La fraternità cristiana, secondo Nosiglia, è qualcosa di più e di ben diverso dalla “fraternité” che pure è nell’emblema della Rivoluzione francese, alle radici della nostra modernità. Non si tratta solo di accettare pari diritti e doveri ma di riconoscere e valorizzare la “dignità” di ogni persona, che dalla fraternità scaturisce. Le conseguenze sono evidenti: la fraternità cristiana non può accontentarsi di assistenza e di beneficenza nei confronti dei poveri, dei deboli, dei meno fortunati ma chiede invece a tutti di “accompagnare” il cammino delle persone, perché la valorizzazione di uno è un “investimento”, un bene per tutti. Applicando questa prospettiva alla città

Nosiglia indica nelle “periferie” (geografiche, e ancor più esistenziali) uno dei terreni privilegiati in cui sperimentare fraternità:

non si tratta di “esportare” fuori dal centro le esperienze della cultura e la qualità dei servizi, ma di cercare e saper riconoscere le potenzialità che ogni territorio esprime, e farne oggetto di “politica” (l’arcivescovo ha citato anche don Milani: “di fronte a un problema sortirne da soli è l’avarizia, sortirne insieme è la politica”).

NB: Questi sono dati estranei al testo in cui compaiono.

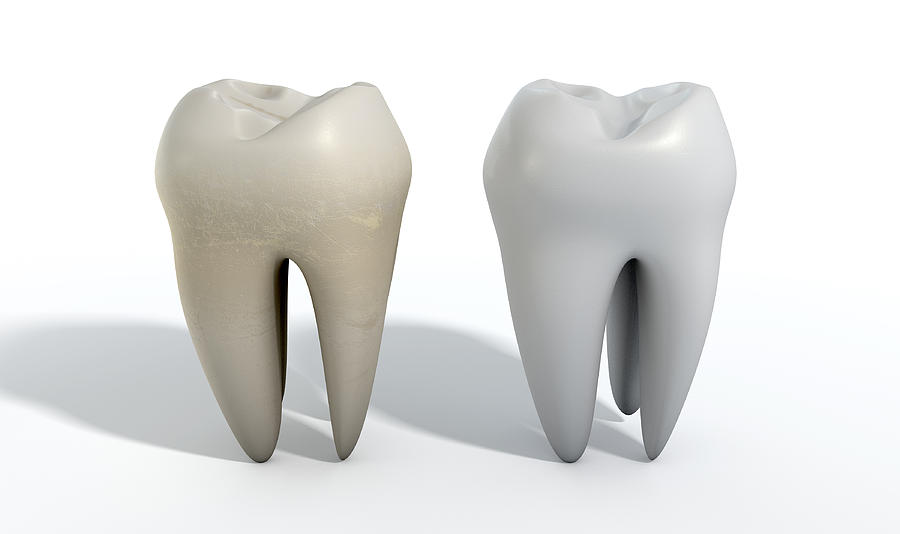Teeth Digital Art - Dirty Clean Tooth Comparison by Allan Swart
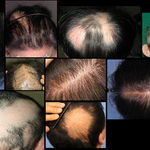 탈모짜장면배달원아저씨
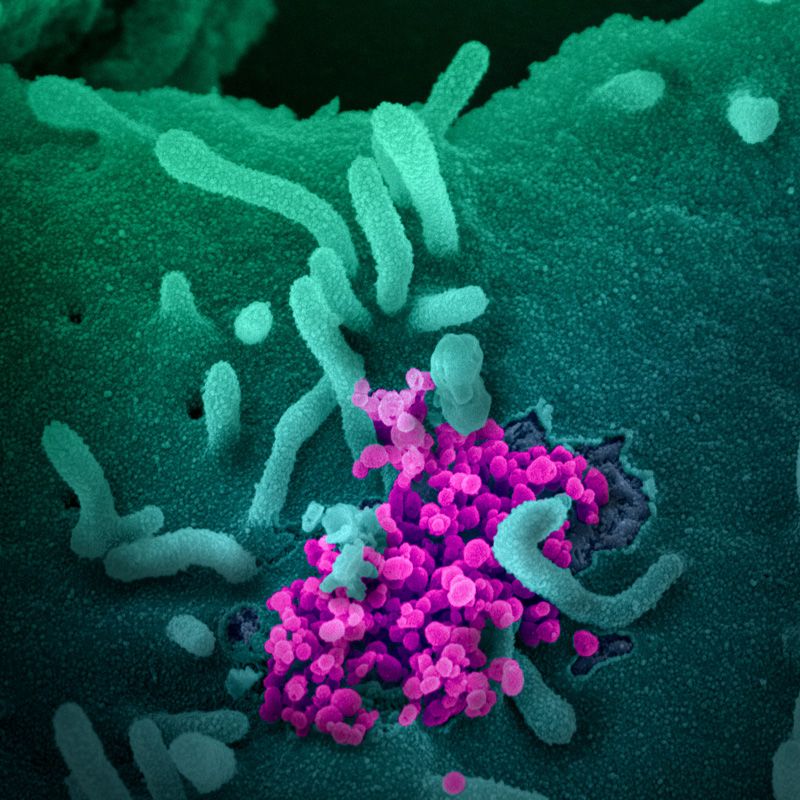 Coronavirus más reciente: primera infección detectada en África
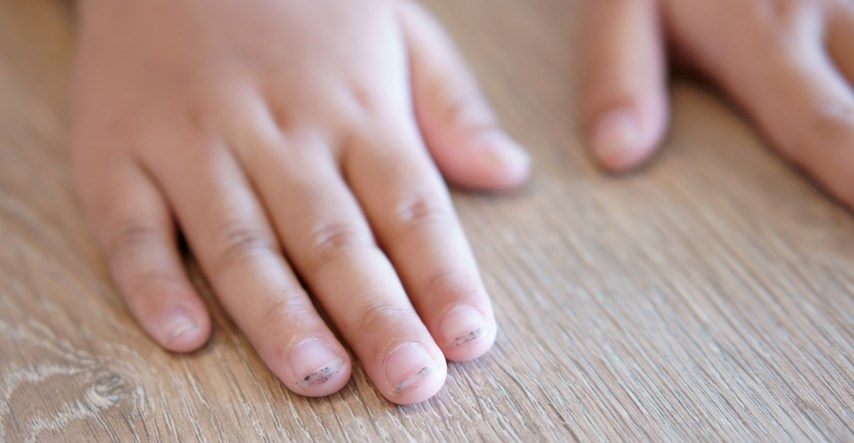 Što znače promjene u boji dječjih noktiju?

I gruppi di persone cui rivolgersi sono appunto

la famiglia, i giovani, i poveri: tre ambiti sociali “strategici”, ciascuno a suo modo.

La famiglia perché è il motore di ogni processo educativo, anche se – ha voluto sottolineare l’arcivescovo – “non fa mai notizia”: le informazioni sulla famiglia privilegiano sempre i casi eccezionali, le situazioni limite, dimenticando le fatiche della quotidianità…

Sui giovani la pastorale della Chiesa di Torino ha giocato da tempo le sue carte, impegnando l’intera diocesi in un confronto serrato per ridurre quel “silenzio reciproco” che si erge come un muro fra le generazioni: un silenzio contro cui si infrange ogni prospettiva di futuro.

I poveri, infine, sono il campo privilegiato a cui i credenti devono guardare, perché il comando stesso del Signore riguarda questa attenzione. E a Torino i poveri sono ormai diventati, economicamente e sociologicamente, anche gli italiani del ceto medio – non solo gli immigrati, le persone di colore, i nomadi, i barboni… Cercare la fraternità e la dignità dei poveri è, più che mai, un’azione “politica” in cui sono chiamate ad impegnarsi tutte le forze vive della città.

Nosiglia ha ricordato che

la Chiesa non ha preoccupazioni nel rapportarsi con chiunque rappresenta le istituzioni liberamente elette dai cittadini,

così come ha sempre sollecitato il coinvolgimento di quelle “agenzie” – fondazioni bancarie, sindacato, associazioni di imprenditori, sistema formativo – che sono protagonisti indispensabili per realizzare un progetto di Torino che porti finalmente la città fuori dalla crisi.